Fotografo il jazz, quasi solo il jazz (per ora). Fotografo il jazz perché dopo aver fotografato il jazz, il tempo per la fotografia è praticamente finito. Stop.  Fotografo il jazz perché racconto (soprattutto ma non solo) la storia del Piacenza jazz club (anche se poi visto che spesso una cosa tira l’altra fotografo anche il jazz in altri posti), perché con quelli che suonano il jazz ci viaggio in auto, ci vado a cena, cerco di farli stare bene, di farli arrivare sul palco rilassati, li piglio in hotel e ce li riporto, gli trovo quella cosa che hanno dimenticato e pure quella che non avevano pensato che servisse, gli dico cosa sono gli anolini e la picùla ad caval (e anche il gutturnio), gli mando le foto se me le cercano e a volte me le chiedono e io mi dimentico e magari loro pensano che me la tiro (e perdo quasi sempre l’occasione di finire su una copertina di un cd), ci vado a bere la birra e ascolto i progetti che hanno e le storie che hanno voglia di raccontare.
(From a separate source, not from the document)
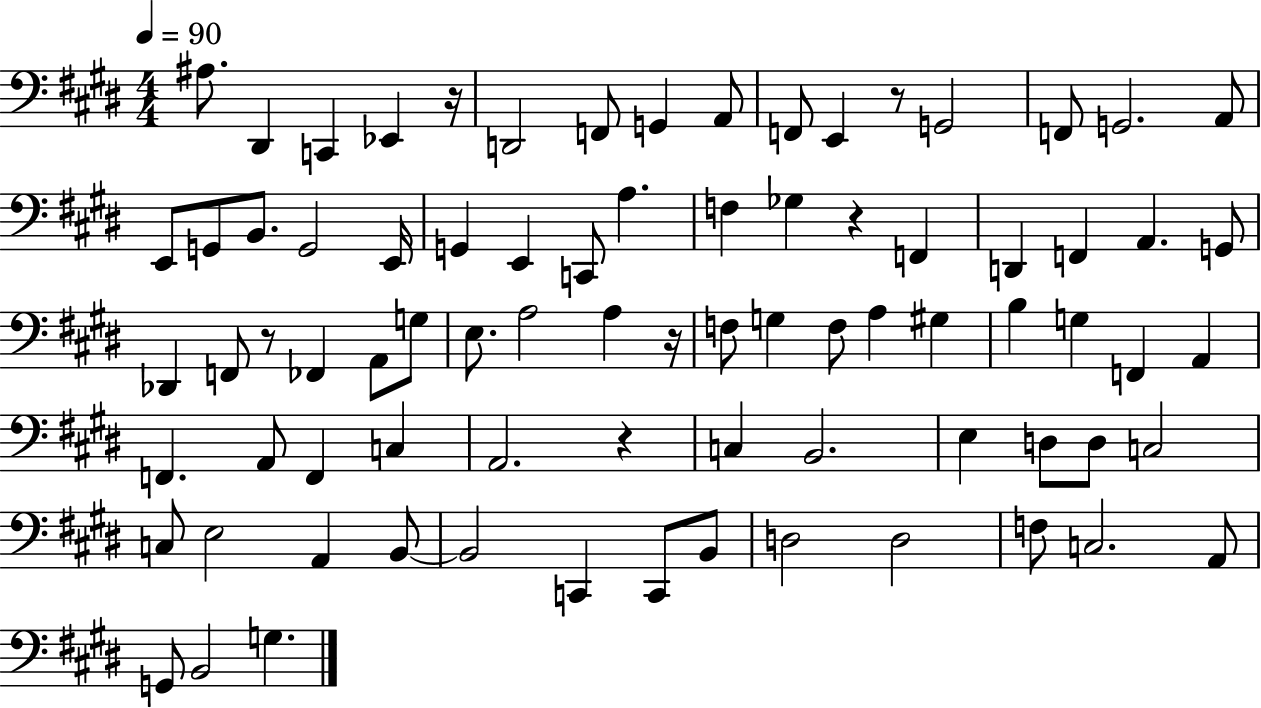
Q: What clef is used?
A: bass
E allora un giorno ho pensato che era abbastanza logico che io fotografassi il jazz, visto che potevo fotografare i camerini e il jazz nei camerini, l’attesa prima del jazz, e il jazz dalla prima fila, e anche da dietro il palco e poi anche dopo che il jazz era finito ed era rimasto nell’aria. Insomma tutte quelle cose che capitano nel concerto e attorno. Poi un giorno può anche capitare che alle foto del jazz ci metto delle parole e che quella roba diventa un libro. Non è detto, ma può succedere. Cose così. 

Abbastanza fuori tempo

 

“Scrivere di musica è come ballare di architettura” così pare abbia detto Frank Zappa, ma pare pure di no, perché potrebbe essere dell’attore Martin Mull, ma poi chissà, forse così com’è non è di nessuno e di tanti. Modifiche e aggiunte e modifiche, fino ad arrivare qui. In pratica a un non senso. Fotografare la musica è più o meno la stessa cosa, poco meno di un non senso, perché non è che in una foto ci senti le note che stanno suonando o il silenzio tra una nota e l’altra o le dita che scivolano sulle corde, puoi solo catturare il gesto, un movimento, uno sguardo, un occhio che cerca l’altro o gli altri, un gesto d’intesa, ma niente note. Ma la musica non è immobile. Mai. Così puoi fare due cose: o congeli o sciogli. Da qui, dallo sciogliere e dall’andare fuori tempo, nascono migliaia, tante migliaia di foto, a infiniti musicisti, da qui la proposta di queste foto scattate a Gianluca Petrella in tanti anni e tanti concerti, dal 2008 al 2021, in teatri e club e piazze.  Fotografare Gianluca è il più delle volte “tempi lunghi”, tempi necessari per catturare il movimento ma anche tempi lunghi per addensare o dilatare il colore, esattamente come la sua musica. Dopo tanti anni so che ad un certo punto farà quel gesto, si chiuderà sul suo trombone o lo sparerà per aria occupando tutto il fotogramma. E così nascono i “tempi lunghi” nella pura illusione che si possa “catturare” la pulizia, la compattezza, la limpidezza, il volume del suono, che un attimo di musica si possa sentire. Un non senso, appunto. Ma musica divina sempre.